Petitioner then alleges that the appellate brief filed by [second trial counsel] in the appeal of Petitioner's conviction was below the standard required of counsel in criminal cases. The brief was not presented into evidence at the hearing of Post- Conviction Petition. Petitioner's allegations are not supported by the proof. T.C.A. § 40-30-210(f).
Petitioner's next allegation is that [second trial counsel] "failed to subpoena and review records of the Juvenile Court proceedings that would have exonerated Petitioner." These records were not introduced into evidence and this Court has no idea what they contain nor how they could have benefitted Petitioner. Petitioner has the burden of proving his allegations. T.C.A. § 40-30-210(f). In this, he has failed. The allegation is without merit.
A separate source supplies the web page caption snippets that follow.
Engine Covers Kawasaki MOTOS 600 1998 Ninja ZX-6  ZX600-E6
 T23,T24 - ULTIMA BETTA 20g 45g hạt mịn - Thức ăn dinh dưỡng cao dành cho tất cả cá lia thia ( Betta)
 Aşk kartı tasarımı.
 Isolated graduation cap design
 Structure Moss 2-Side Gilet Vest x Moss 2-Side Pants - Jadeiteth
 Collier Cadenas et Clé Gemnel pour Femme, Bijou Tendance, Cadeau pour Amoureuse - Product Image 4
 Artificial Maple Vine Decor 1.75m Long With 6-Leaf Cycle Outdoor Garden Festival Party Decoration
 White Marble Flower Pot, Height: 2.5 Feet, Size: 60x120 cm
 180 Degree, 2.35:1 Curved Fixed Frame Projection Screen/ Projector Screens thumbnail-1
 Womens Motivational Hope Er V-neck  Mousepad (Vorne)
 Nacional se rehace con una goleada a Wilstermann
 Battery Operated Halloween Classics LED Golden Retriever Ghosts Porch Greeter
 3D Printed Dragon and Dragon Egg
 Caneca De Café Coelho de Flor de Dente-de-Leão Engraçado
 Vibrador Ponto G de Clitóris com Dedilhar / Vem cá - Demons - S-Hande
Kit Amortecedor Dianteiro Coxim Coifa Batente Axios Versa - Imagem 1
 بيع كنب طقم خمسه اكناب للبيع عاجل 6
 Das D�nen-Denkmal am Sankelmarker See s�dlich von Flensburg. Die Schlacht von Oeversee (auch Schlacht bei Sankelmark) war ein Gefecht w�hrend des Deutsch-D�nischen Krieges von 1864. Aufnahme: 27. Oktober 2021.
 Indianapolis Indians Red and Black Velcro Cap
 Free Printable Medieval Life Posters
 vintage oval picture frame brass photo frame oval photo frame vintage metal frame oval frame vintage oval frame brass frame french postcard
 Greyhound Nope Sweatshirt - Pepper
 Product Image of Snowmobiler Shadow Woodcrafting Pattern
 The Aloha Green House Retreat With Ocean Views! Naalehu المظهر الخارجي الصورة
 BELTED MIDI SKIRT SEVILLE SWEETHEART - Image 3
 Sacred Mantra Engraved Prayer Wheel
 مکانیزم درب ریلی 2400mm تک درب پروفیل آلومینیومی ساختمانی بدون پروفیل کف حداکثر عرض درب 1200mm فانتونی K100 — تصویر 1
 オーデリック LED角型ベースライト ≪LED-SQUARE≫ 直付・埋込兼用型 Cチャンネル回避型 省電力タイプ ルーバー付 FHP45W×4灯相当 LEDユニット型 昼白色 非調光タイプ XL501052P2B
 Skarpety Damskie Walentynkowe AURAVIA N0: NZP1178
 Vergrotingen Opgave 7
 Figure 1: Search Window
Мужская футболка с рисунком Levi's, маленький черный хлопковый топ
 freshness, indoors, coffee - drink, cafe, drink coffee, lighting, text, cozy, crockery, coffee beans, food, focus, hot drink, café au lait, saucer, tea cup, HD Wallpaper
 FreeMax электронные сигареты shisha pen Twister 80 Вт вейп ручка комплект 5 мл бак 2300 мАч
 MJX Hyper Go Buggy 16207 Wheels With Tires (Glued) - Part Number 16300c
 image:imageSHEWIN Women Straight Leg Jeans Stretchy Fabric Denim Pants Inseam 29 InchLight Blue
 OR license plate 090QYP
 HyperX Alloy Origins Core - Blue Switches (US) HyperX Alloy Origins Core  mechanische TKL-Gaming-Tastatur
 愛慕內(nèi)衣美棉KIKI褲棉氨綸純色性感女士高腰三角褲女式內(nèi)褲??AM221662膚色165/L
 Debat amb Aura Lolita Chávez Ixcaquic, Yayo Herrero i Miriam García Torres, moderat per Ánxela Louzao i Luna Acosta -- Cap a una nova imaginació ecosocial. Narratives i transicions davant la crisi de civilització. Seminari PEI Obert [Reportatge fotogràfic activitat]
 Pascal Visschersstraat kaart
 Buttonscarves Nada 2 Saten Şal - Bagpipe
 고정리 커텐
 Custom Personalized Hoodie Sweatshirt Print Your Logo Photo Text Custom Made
Lastly, Petitioner alleges that [second trial counsel] "failed to pursue evidence of pornography and documents pertaining to pursuing claims of child abuse in Petitioner's wife's possession." He submits that said material would constitute proof of a conspiracy by Julie Forrester (Petitioner's ex-wife) and Sharon Stump. Again, this material was not introduced into evidence nor were either of these individuals called to testimony [sic]. There is no proof in the record to substantiate Petitioner's allegations. He fails in his burden of proof. T.C.A. § 40-30-210(f).
In summary, Petitioner has failed to introduce any evidence establishing that [second trial counsel's] performance was below that expected of counsel in criminal cases. The Court observed no deficiencies in [second trial counsel's] performance either at the hearing of the motion to suppress or at the trial.
The record on appeal fully supports these findings.
CONCLUSION
Based upon the foregoing authorities and reasoning, we affirm the post-conviction court's denial of the petition for post-conviction relief.